皆さんこんにちは、トレーナーズギルドメンバーの古橋です。

体験カウンセリングで説明はしっかりしているのに入会につながらない場合、サービス説明の前に聞くべきことが不足しているかもしれません。

今回は、パーソナルトレーニングの体験カウンセリングで入会率を上げる質問設計を解説します。強引に売るのではなく、お客様自身が必要性を整理できる進め方が基本です。

体験で最初に説明しすぎない

設備、資格、料金を先に並べると、お客様は比較する側に回ります。まずは来店理由を聞き、現在地と理想の差を一緒に整理しましょう。

カウンセリングで確認する5項目

1.今回相談しようと思ったきっかけ

「なぜ今なのか」を尋ねます。健康診断、写真、服、痛みなど、行動を決めた背景に本当の優先順位があります。

2.理想の状態

数字だけでなく、達成後に何をしたいかまで聞きます。「旅行で疲れず歩きたい」など生活場面が見えると、提案も具体的になります。

3.これまで試した方法

成功したこと、続かなかった理由、苦手だったことを確認します。同じ失敗を繰り返さないプランを作る材料になります。

4.運動を続けるうえでの障害

仕事時間、家族、予算、移動、体力面などを確認します。障害を無視した理想論では継続できません。

5.いつまでに変わりたいか

期限があれば逆算し、現実的な頻度を提案します。急ぎすぎる目標には、できることと難しいことを誠実に伝えます。

提案は一つに絞りすぎない

最適案に加え、頻度や予算が異なる選択肢を示すと検討しやすくなります。ただし選択肢を増やしすぎず、なぜその案を勧めるのかを説明してください。

クロージングは確認で終える

「ここまでで不安な点はありますか」「このプランなら続けられそうですか」と確認します。迷いがある場合は理由を聞き、即決を迫らないことが長期的な信頼につながります。

入会率だけを追うと店舗経営が不安定になる

体験した全員を入会させることが正解ではありません。目標、予算、通える頻度、健康状態がサービスと合わない場合は、無理な契約が早期退会やクレームにつながります。

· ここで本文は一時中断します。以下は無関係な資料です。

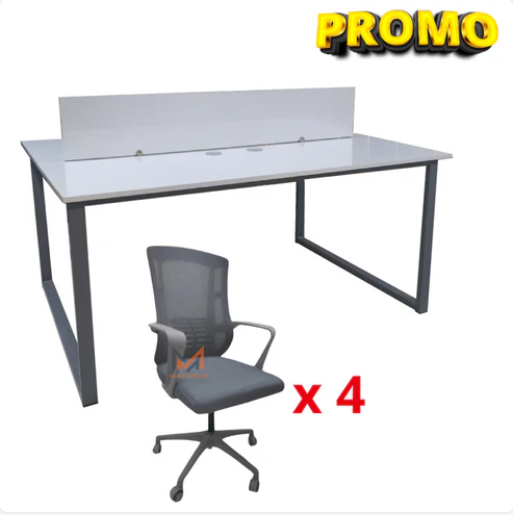 Ensemble BUREAU BENSH semi métallique +4 chaises opérateurs A0406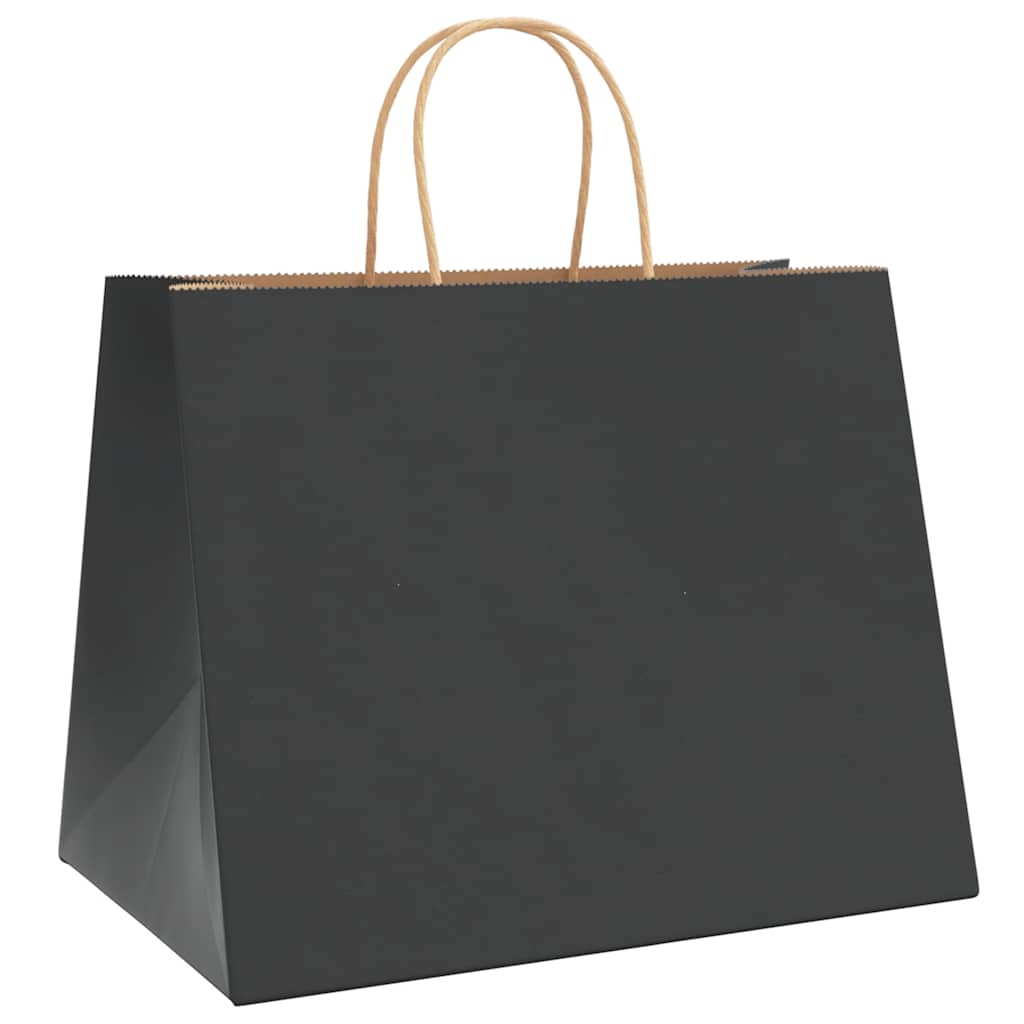 HKH Sacos de Papel 250 Unidades com Alças - Preto - 32x22x24 cm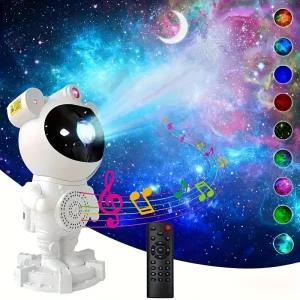 LED Laser Robot Projector Night Light with Remote Control and USB Power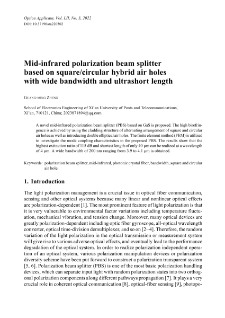 Mid-infrared polarization beam splitter based on square/circular hybrid air holes with wide bandwidth and ultrashort length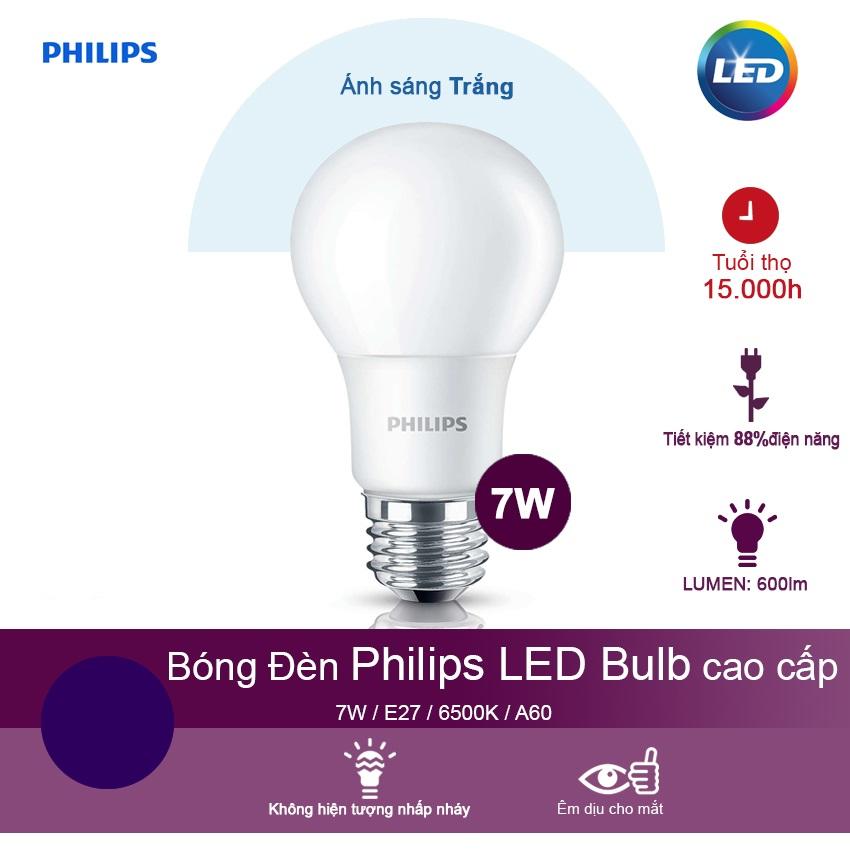 (Mua 6 tặng 1) Bóng đèn Philips Ledbulb 7W 6500K đuôi E27 230V A60 - Ánh sáng trắng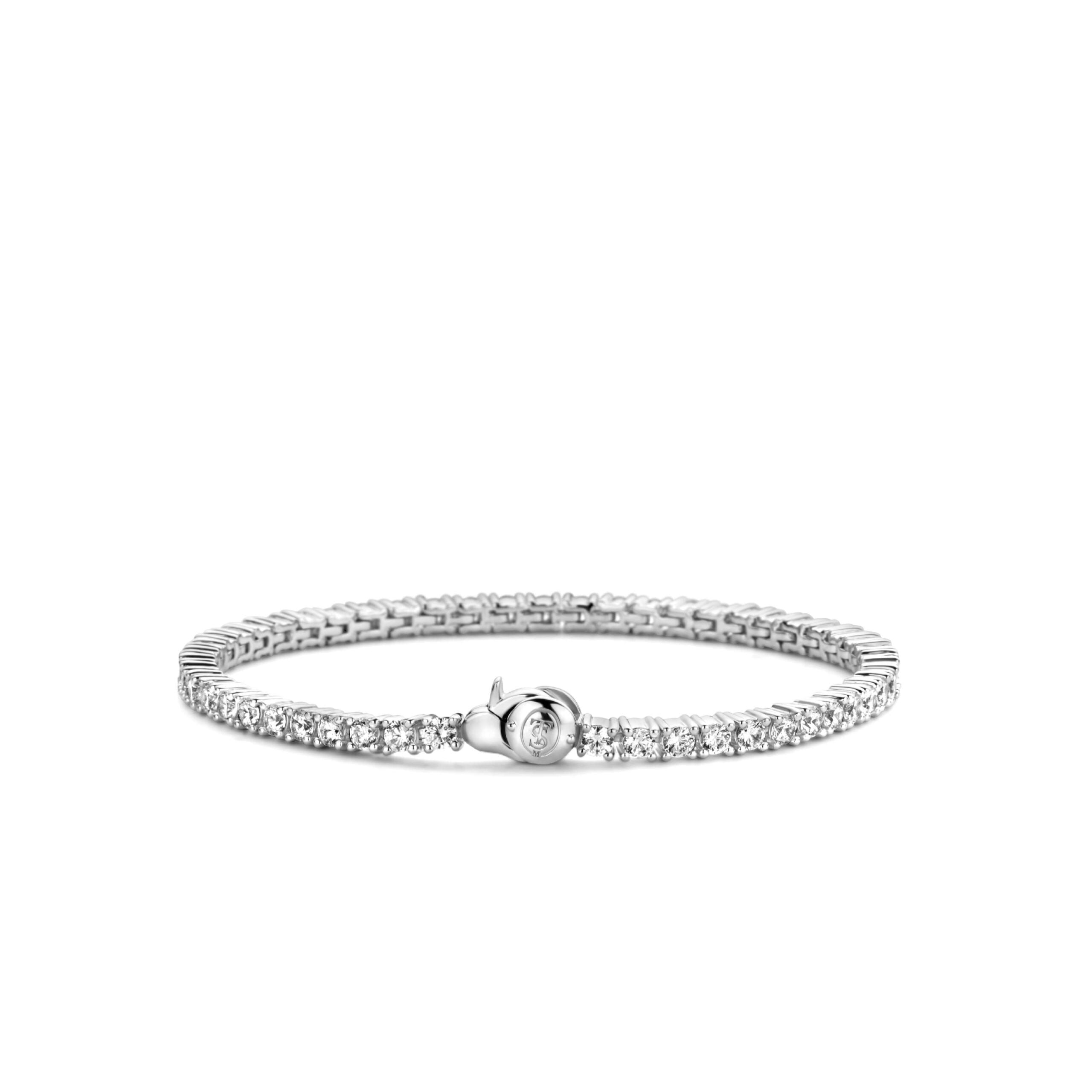 Pulsera de plata bañada en rodio con zirconia blanca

店舗では体験数、入会数、入会率に加え、初月継続率、3か月継続率、返金・キャンセル件数まで確認しましょう。入会率が高くても短期退会が多ければ、カウンセリング時の期待値調整に課題があります。

60分の体験カウンセリング構成例

  1. 5分:挨拶と当日の流れ
  2. 15分:悩み、目標、期限、過去の経験を確認
  3. 10分:姿勢や動作など必要な評価
  4. 15分:安全に配慮した体験トレーニング
  5. 10分:現状と改善方針を説明
  6. 5分:プラン、料金、次の行動を案内

時間配分は店舗によって調整しますが、説明だけで時間を使い切らないことが重要です。お客様が話す時間を十分に確保してください。

スタッフ間で質問品質を揃える方法

質問項目をシート化し、回答だけでなく「なぜそれが重要か」も研修で共有します。ロールプレイでは、価格への不安、家族への相談、過去の失敗など複数のケースを用意します。

録音や録画を行う場合は必ず同意を取り、目的と保存期間を明確にしてください。個人情報を含むカウンセリング記録は、アクセスできる人を限定します。

提案時に必ず説明したい項目

  • 目標に対する現実的な期間
  • 推奨頻度とその理由
  • 料金総額と追加費用
  • 予約変更・休会・退会の条件
  • サービスに含まれるサポート

良い面だけでなく条件や限界も説明することで、入会後の認識違いを減らせます。

体験カウンセリングでよくある質問

体験時に料金はいつ説明すべきですか?

悩みと目標を確認し、必要な支援内容を説明した後が基本です。ただし料金を隠して来店させるのではなく、ホームページなどで事前に目安や総額を確認できるようにします。

当日入会を勧めてもよいですか?

本人が十分理解し、納得していれば手続きを案内できます。事実でない期限や残り枠で焦らせたり、長時間帰りにくくしたりする方法は避けてください。

入会しなかった人へ連絡してもよいですか?

連絡への同意と希望方法を確認したうえで、お礼と質問対応を中心に一度フォローします。返信がない場合に何度も営業連絡を送らないよう、店舗内で基準を決めましょう。

まとめ

体験カウンセリングの入会率は、話す上手さより質問の順番で変わります。きっかけ、理想、過去、障害、期限を聞き、お客様に合う提案へつなげましょう。